It got me thinking, is there indeed still a place for a licence fee model that was introduced in 1946? Then, the licence covered a single, black and white channel and cost £2, about £85 in today’s money.
Looking at it from that perspective, today's £157.50 colour licence fee (or £53.50 for a black and white licence, which I have to admit I was surprised to find was still a thing), appears good value, giving access to, as a quick look at the TV Licensing website revealed, nine national TV channels plus regional TV services, 10 'pan-UK' radio stations, six national and 40 local, the BBC website, BBC iPlayer, BBC Sounds, the World Service and host of apps and online services.
Or is it?
Probably, if you indulge fully in everything that’s on offer - I imagine very few do.
From that list I'll happily own up to the fact there was a time I’d have been lost with BBC Sounds, back when it was the Radio iPlayer, the portal to a host of informative podcasts and classic comedy. I’ve worked my way through most of them now and, sadly, eye catching new content is slow to surface.
Similarly, while the BBC iPlayer is invaluable for tracking down programmes my Virgin Box fails to record, it's not something I use regularly. Likewise, much BBC drama these days is a shadow of what it once was, both technically and creatively, so give me an overseas Netflix drama any day over BBC (and ITV, for that matter) drama that’s now so formulaic every twist is telegraphed in advance.
Then there's BBC News. It may not be as broad as it once was, although the fact that the right finds it too left-wing and the left finds it too right-wing probably means the truth lies somewhere in the middle.
So, whether the licence fee should be scrapped is a hard call, as a public broadcaster the BBC has a responsibility to be accessible to everyone but technology and the way we source our entertainment, sport and news has moved on... the days of gathering around the goggle-box once a week and then living with a cliff-hanger for seven days is long gone.

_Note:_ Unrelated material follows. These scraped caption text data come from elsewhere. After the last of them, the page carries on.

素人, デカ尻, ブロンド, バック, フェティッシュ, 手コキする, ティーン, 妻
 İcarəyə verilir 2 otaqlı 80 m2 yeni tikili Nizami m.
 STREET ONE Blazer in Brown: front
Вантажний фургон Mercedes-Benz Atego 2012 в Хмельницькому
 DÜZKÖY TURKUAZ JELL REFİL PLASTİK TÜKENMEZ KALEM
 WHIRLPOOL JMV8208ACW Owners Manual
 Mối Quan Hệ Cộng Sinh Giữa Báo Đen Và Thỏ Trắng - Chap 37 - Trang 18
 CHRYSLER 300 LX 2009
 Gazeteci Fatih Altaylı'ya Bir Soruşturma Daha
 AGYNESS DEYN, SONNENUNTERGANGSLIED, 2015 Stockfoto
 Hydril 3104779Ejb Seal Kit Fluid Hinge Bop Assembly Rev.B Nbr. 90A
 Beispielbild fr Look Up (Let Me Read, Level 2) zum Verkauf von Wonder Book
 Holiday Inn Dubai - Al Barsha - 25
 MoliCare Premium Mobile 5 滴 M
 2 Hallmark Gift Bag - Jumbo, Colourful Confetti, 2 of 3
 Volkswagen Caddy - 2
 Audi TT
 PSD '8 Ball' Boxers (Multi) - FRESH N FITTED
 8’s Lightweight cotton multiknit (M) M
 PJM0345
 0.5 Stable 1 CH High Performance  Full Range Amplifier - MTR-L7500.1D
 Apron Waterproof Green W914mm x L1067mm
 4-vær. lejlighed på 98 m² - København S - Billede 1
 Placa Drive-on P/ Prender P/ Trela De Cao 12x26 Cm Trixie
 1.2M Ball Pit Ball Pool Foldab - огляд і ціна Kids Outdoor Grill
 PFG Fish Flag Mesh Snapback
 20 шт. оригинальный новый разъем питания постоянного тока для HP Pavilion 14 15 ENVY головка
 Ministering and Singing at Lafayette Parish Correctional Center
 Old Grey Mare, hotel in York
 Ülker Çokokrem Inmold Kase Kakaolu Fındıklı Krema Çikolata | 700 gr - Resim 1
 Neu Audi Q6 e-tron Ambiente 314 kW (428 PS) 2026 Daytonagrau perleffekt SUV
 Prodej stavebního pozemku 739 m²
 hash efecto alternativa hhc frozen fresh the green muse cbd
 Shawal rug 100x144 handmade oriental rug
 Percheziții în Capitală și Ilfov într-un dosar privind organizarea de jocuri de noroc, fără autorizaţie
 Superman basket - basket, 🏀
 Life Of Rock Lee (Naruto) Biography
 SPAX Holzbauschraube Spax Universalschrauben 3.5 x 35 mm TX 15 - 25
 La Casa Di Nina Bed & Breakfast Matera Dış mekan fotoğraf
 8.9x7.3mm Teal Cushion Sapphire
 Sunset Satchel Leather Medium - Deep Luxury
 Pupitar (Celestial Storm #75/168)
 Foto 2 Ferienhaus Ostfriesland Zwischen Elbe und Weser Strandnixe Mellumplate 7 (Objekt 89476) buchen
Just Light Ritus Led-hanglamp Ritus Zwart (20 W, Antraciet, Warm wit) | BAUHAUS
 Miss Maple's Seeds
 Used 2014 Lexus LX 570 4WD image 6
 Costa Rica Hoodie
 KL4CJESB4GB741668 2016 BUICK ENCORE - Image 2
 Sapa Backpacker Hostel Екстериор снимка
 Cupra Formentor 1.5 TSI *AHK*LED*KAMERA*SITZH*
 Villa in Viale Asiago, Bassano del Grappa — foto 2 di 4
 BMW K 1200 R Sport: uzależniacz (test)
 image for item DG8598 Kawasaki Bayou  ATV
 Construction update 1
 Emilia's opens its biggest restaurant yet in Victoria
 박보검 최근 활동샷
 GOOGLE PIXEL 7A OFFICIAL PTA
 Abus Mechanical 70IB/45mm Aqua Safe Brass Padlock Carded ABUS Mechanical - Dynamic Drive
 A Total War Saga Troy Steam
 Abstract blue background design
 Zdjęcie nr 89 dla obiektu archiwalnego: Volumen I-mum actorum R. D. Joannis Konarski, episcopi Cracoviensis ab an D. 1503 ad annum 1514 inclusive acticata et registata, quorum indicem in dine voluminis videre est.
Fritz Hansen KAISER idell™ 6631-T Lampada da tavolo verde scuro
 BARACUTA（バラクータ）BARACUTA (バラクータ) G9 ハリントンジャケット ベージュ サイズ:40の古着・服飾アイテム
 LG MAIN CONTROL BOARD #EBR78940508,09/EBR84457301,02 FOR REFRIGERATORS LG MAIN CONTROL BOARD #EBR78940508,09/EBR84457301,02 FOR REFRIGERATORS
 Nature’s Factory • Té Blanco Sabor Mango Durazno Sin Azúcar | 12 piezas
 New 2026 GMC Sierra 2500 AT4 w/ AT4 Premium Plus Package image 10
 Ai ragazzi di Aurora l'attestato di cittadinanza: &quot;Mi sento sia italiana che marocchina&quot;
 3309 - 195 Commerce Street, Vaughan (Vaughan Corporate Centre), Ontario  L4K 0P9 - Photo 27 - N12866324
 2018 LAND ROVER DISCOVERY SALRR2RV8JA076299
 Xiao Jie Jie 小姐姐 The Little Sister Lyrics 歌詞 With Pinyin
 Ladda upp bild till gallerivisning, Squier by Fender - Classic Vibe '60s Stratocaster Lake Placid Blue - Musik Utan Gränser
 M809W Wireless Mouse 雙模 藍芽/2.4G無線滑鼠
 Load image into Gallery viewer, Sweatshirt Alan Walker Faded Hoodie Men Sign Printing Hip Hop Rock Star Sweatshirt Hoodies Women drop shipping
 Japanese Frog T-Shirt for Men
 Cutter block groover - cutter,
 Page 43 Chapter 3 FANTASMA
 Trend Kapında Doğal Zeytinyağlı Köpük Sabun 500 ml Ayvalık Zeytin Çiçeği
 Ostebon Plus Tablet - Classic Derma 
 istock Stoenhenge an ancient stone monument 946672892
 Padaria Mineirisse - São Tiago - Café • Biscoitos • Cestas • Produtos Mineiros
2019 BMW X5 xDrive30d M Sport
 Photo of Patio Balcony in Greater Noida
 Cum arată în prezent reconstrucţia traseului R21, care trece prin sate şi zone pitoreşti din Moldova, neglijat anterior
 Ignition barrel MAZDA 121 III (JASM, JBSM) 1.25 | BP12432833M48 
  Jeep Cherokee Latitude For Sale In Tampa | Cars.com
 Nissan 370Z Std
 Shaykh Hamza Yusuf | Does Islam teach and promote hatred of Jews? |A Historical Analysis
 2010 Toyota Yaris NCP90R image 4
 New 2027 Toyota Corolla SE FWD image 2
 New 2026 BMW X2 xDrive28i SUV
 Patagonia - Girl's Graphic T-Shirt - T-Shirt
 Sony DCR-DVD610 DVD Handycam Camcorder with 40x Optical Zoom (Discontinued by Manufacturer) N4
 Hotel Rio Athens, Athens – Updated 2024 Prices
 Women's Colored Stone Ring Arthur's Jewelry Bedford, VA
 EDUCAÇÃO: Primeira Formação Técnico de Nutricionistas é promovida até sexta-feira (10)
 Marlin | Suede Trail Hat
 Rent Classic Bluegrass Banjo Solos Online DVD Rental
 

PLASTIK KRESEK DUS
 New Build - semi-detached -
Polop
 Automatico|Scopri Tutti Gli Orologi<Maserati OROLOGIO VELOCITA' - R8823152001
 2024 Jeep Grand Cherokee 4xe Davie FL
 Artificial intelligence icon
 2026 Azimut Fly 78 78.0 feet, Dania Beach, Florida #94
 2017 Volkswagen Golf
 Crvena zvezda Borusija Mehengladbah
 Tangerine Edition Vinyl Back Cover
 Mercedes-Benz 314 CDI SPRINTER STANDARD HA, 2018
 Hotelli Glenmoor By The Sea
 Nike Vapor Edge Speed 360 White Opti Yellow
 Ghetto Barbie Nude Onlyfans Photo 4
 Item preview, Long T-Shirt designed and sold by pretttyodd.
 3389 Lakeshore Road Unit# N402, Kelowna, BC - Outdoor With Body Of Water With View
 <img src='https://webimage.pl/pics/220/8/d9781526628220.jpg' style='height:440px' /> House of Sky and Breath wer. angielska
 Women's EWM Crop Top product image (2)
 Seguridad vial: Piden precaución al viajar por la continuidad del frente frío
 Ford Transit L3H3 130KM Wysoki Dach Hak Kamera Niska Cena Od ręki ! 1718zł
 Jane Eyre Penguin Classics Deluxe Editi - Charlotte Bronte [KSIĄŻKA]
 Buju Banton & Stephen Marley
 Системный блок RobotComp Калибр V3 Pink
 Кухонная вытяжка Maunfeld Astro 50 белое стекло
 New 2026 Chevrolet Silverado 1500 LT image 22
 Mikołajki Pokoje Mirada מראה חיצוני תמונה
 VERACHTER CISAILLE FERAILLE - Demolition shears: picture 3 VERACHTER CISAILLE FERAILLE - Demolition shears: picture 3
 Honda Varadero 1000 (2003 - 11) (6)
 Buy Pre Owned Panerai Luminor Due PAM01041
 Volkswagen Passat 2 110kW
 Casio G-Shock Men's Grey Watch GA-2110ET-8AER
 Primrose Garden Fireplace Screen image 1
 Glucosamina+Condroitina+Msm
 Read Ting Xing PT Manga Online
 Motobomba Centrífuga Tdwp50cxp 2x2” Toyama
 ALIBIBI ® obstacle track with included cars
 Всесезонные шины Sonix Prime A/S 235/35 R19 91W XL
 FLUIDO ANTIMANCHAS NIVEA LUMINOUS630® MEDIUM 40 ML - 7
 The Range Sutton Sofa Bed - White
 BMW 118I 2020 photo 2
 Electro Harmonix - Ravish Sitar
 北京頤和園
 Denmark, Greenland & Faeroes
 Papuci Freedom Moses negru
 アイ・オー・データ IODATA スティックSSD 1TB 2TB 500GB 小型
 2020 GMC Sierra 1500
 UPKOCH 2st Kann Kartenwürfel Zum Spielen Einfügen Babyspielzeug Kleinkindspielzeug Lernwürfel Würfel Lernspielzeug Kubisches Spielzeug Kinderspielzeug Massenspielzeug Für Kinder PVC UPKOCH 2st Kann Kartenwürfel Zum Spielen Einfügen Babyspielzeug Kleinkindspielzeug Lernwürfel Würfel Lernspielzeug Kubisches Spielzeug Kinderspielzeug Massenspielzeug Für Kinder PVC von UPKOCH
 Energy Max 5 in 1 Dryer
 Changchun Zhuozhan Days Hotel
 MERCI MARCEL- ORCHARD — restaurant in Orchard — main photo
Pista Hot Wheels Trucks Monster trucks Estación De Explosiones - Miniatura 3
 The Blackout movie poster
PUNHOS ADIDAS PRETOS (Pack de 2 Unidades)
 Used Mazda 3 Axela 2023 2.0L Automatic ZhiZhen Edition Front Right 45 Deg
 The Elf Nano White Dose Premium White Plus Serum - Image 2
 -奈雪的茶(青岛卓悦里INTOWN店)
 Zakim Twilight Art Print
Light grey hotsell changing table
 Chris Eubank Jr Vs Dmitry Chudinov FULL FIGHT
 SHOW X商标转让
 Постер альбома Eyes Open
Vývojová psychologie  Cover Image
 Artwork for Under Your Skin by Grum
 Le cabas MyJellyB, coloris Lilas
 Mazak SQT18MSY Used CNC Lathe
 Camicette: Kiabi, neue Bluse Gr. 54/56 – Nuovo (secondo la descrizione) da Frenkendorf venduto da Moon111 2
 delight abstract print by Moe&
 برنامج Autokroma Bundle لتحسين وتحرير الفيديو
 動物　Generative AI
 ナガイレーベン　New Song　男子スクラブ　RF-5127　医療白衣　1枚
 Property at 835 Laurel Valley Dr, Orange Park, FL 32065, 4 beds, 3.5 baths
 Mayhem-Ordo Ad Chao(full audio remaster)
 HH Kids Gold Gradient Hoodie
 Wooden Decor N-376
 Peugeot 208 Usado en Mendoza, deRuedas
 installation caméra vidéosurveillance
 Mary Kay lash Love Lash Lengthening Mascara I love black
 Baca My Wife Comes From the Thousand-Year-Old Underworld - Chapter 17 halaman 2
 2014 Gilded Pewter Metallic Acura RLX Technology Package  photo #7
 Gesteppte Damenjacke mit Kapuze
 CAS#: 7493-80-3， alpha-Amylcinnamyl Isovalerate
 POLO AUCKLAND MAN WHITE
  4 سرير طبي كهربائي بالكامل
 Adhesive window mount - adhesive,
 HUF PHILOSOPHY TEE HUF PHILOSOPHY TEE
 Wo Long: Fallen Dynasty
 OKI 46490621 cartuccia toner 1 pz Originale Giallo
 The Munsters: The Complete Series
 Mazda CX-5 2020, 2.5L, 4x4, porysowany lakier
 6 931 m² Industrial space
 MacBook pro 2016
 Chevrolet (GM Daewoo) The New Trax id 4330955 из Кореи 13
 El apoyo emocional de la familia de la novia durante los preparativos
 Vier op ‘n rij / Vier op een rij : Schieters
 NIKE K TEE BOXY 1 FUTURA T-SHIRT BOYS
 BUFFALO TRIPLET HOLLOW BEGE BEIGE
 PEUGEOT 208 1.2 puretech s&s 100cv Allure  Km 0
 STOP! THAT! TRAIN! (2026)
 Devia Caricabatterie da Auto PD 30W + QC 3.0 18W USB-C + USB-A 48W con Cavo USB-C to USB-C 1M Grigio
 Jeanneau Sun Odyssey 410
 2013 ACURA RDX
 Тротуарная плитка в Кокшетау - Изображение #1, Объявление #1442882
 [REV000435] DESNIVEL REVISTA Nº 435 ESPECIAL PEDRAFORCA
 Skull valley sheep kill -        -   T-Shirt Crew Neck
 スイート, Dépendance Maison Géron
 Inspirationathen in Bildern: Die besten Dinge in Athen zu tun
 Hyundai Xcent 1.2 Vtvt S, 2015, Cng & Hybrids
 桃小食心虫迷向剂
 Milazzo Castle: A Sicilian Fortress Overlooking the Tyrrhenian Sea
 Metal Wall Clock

What is certain is that for a lot of people the annual licence no longer works. A lot see a subscription service as the way forward. I find myself agreeing with former BBC Chairman Michael Grade, a debate needs to be had now about the future of BBC funding, whether that continues to be a licence, a hybrid licence/subscription scheme or a streamlining of the BBC’s platforms and content in order to cut costs.
Either way, it's a discussion that’s going nowhere soon.